Interesting also to see whether his incompetent watchkeeping is pursued legally.


----------



## ben27 (Dec 27, 2012)

good day ian brown,sm.today03:28.re:multihull yacht cargo ship collision in channel.thank you for the news.your link is not responding,google rejects it.regards ben27.


----------



## Ian Brown (Jun 25, 2008)

For those who can't make the link above, here is the report in G Captain;

"Sodebo, a 31 meter carbon fiber offshore racing trimaran collided with a cargo ship in the English Channel at 23:30 last night, less than 24 hours from departing on the solo trans-Atlantic yacht race La Route du Rhum 2014.

The damage was significant, but surprisingly it wasn’t altogether catastrophic.
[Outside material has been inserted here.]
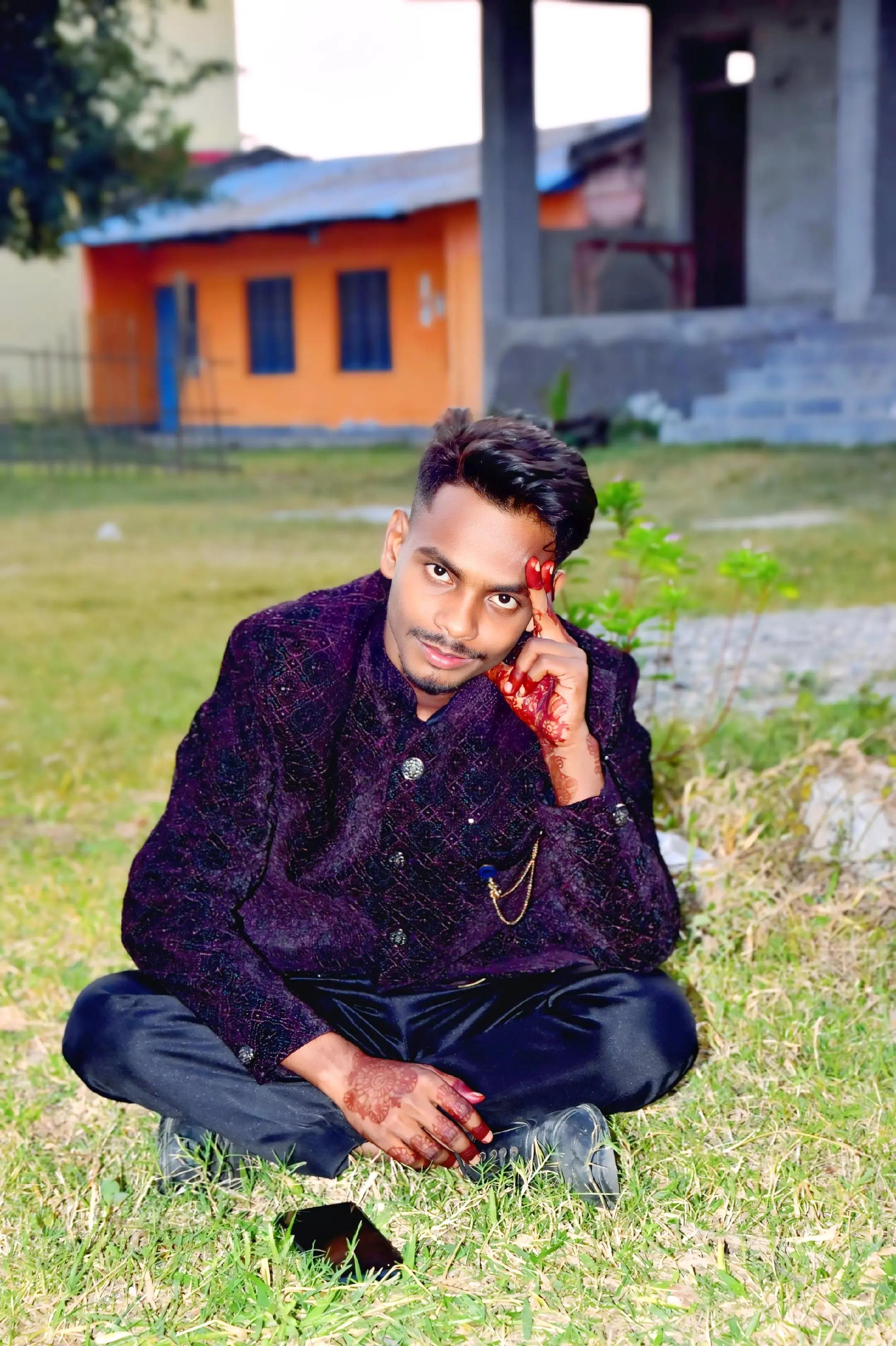 @it's me Shivam_Shah❣️❣️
The bow of the vessel in the central hull was torn off and the starboard float was heavily damaged, yet the mast remained upright and skipper Thomas Coville nursed her into the port of Roscoff. Coville notes he had gone inside his boat to investigate an engine alarm and noticed he had two merchant vessels on his screen. Sodebo Ultim was sailing on autopilot at the time which was keeping a constant true wind angle on his sails, but not necessarily a constant course.
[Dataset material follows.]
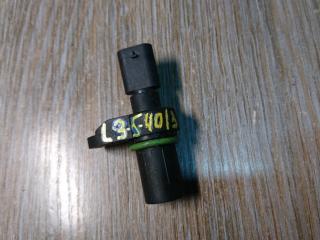 датчик распредвала BMW 3 серия E90/E91/E92/E93 [рестайлинг] 2008, 2.0 л., N47 D20 C, дизель, АКПП, универсал, 7803093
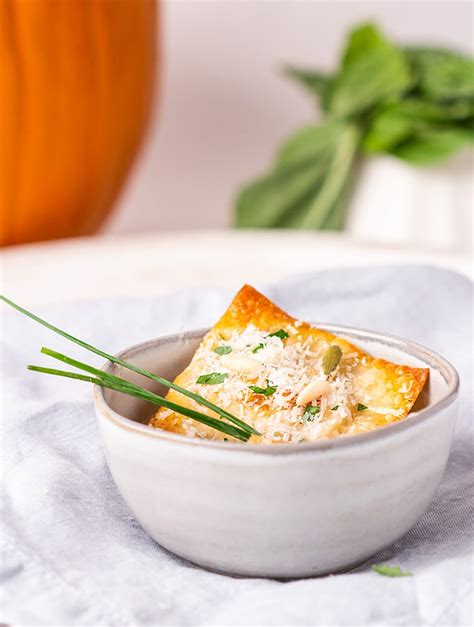 pumpkin-ravioli-recipe-on-the-go-bites image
He was at 25 knots of boat speed and the ship was sailing at him at 18 knots. He notes that with the closing speed of 40 knots, he closed the distance in 1 minute 30 and before he knew it, he smacked the side of the ship near its aft quarter.

“I have the feeling I hit a truck with a motorcycle,” commented Coville in a released statement."


----------



## ben27 (Dec 27, 2012)

good day ian brown,sm.yesterday.11:54.#4 re:multi hull collision in channel.thank you for your informative post.regards ben27


----------